Si cada nación tiene su propia historia y un epílogo que la clausura, la obra que lega Alberto Houellemont es el colofón de la Escuela vernácula de Santiago.
Cabeco ilustra, sobradamente, la reticencia de una historia que permanece inmóvil incluso como historia ajena; la que se desea vivir y se vive a contra pelo del tiempo porque ocurrió nunca y que gracias a su arte logra existir extemporánea y dislocada.
Pero original y bella, en la cáscara de unos heredados arquetipos.
Decorativa y complaciente, en sus significados de expresión libérrima.

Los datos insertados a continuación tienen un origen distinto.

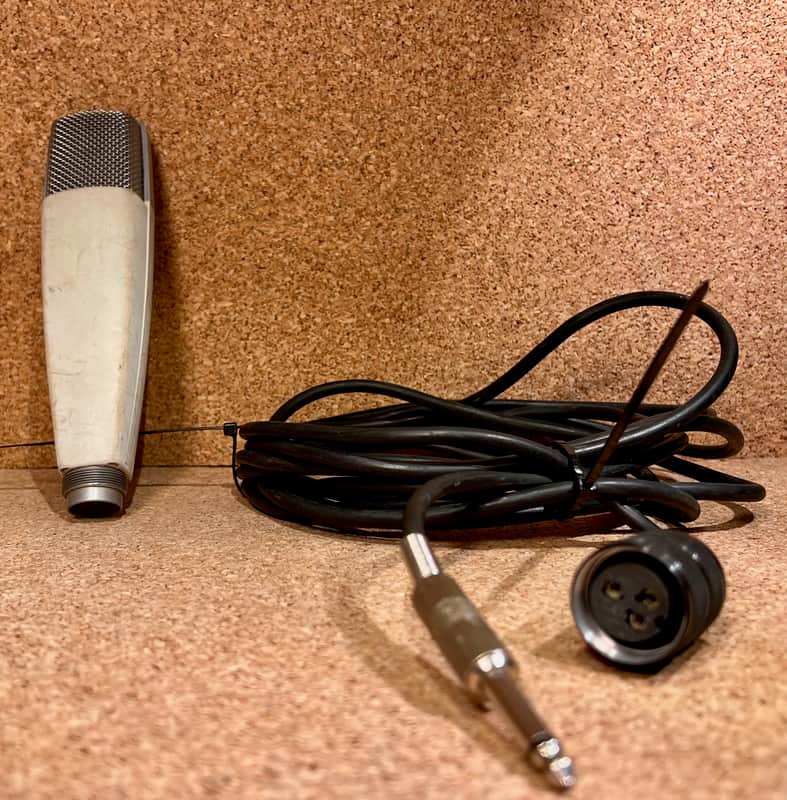 Sennheiser MD 421-2 Cardioid Dynamic Microphone | Reverb UK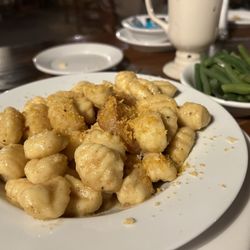 Longfellow's Wayside Inn - Restaurant - Shrimp gnocchi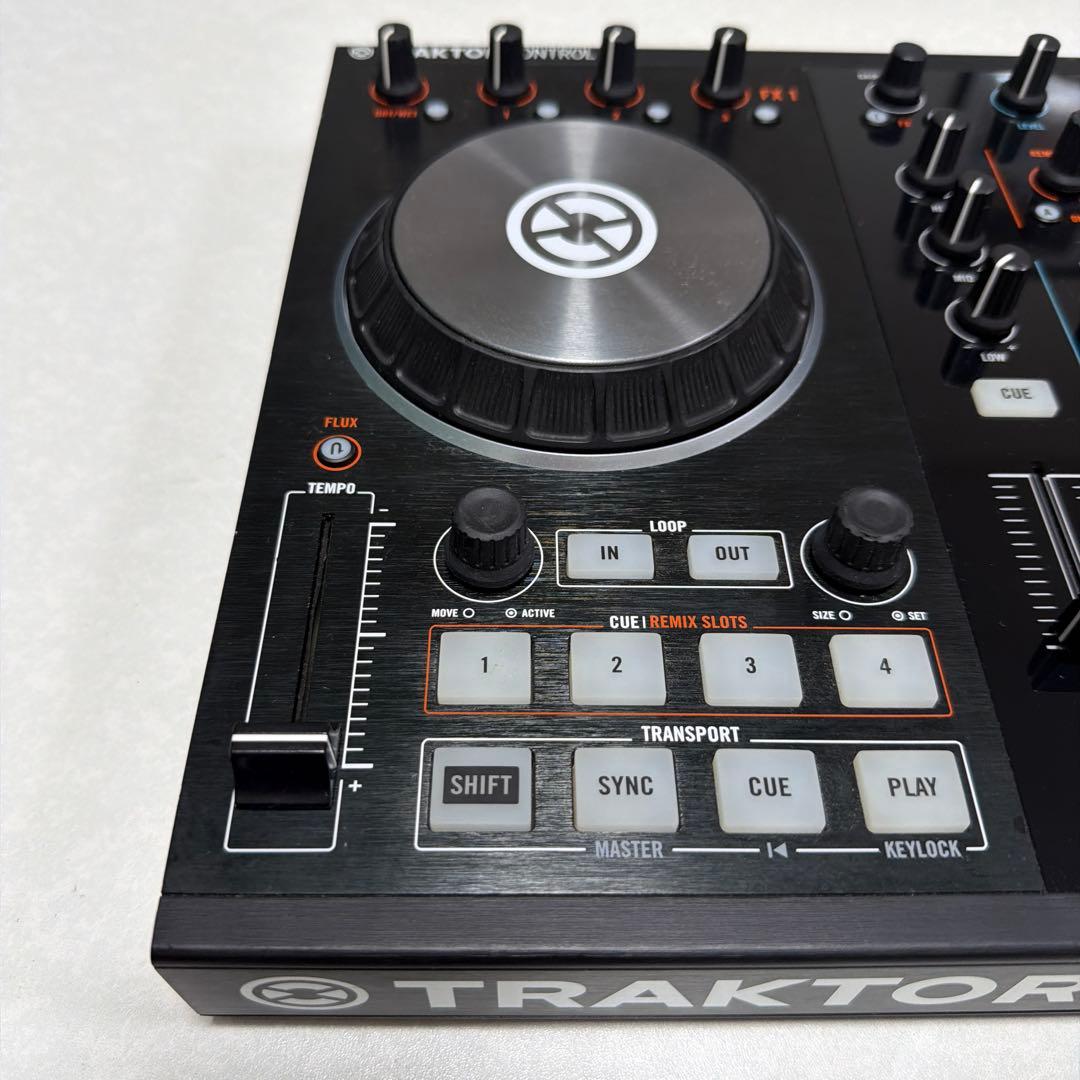 TRAKTOR S2 MK2 DJコントローラー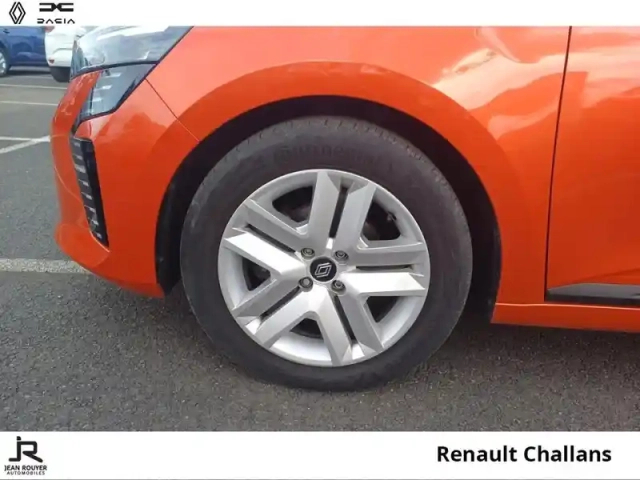 Renault Clio 1.0 tce 90ch evolution — photo 8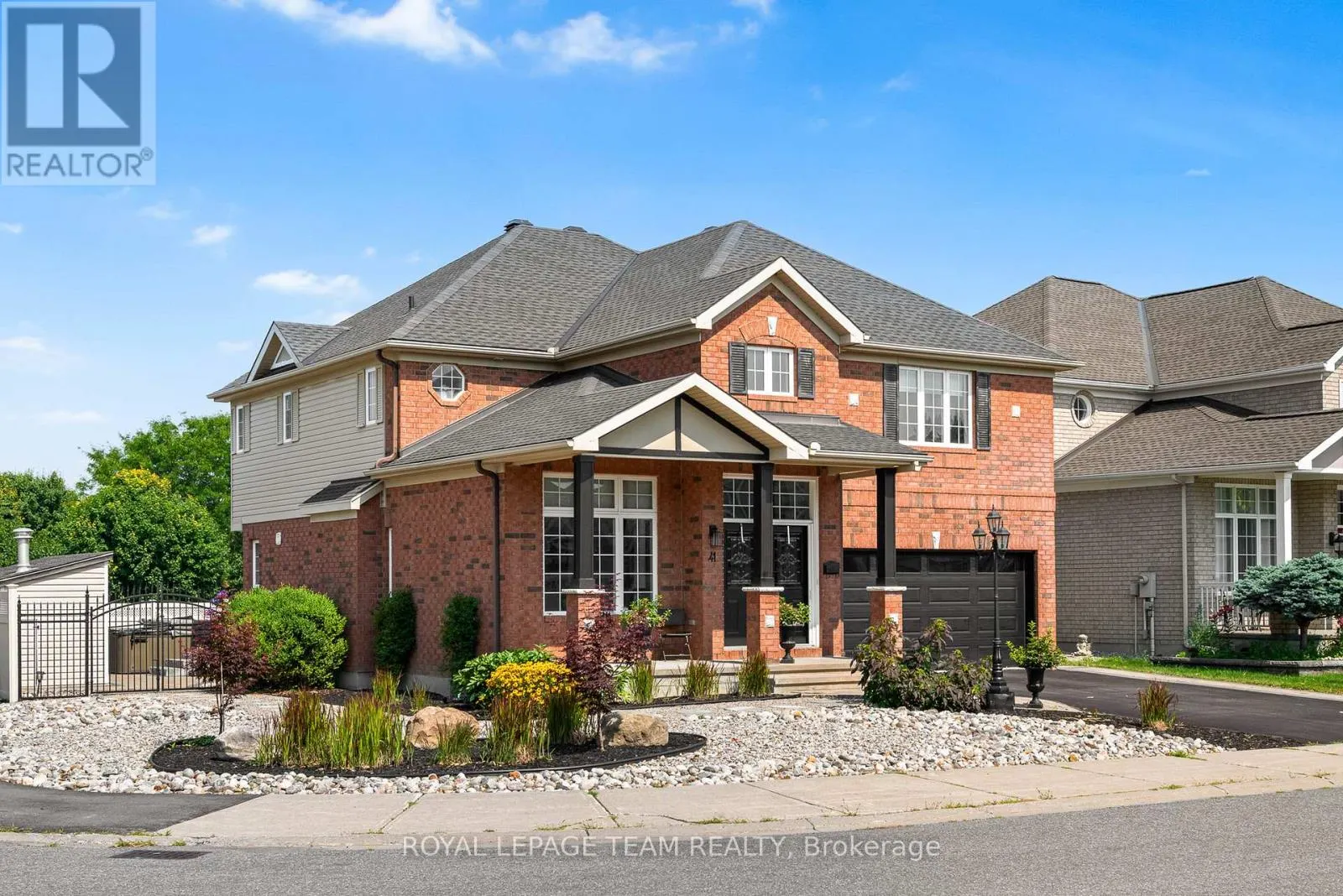 41 BLACKSHIRE CIRCLE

Un contrasentido. Humanamente trágico pese a su hálito festivo.
Su obra era dislocación extemporánea en el mundo pictórico. Tan fuera de espacio y tiempo que no era siquiera verista. Él no pintaba campos y paisajes al “aire libre” como los franceses de la Escuela de Barbizón o hubiese deseado Yoryi Morel. Tampoco replicas de ellas. En su obra coexistían las estampas, mundo derivativo de la cultura libresca adquirida y la desarrollada por él, nacidas del gozo por la imagen, del fetichismo por lo no tenido, A su tesitura caían los holandeses, con tenebrismos que eclosionaban en blancos, carmín y amarillos. Intensamente terrales y verdosos, los hizo Houellemont, llenándolos de luz, materia y ritmo. Desde ese anacronismo, extendió la vigencia en la historia del arte nacional de las herencias de su maestro Yoryi, a quien llevaba venerado y perfumado en el alma y el recuerdo.
La obra de Houellemont es esa que, hasta él, el arte dominicano no tuvo. Única. Libérrima al extremo. De rítmico cromatismo, de trazos impensados y desinhibidos; luminosa hasta el blanco absoluto, oscura hasta el negro profundo.
Y él, un ser humano de radical integridad; solidario y comprometido con lo mejor que los dominicanos han podido desear para los demás y para sí mismos.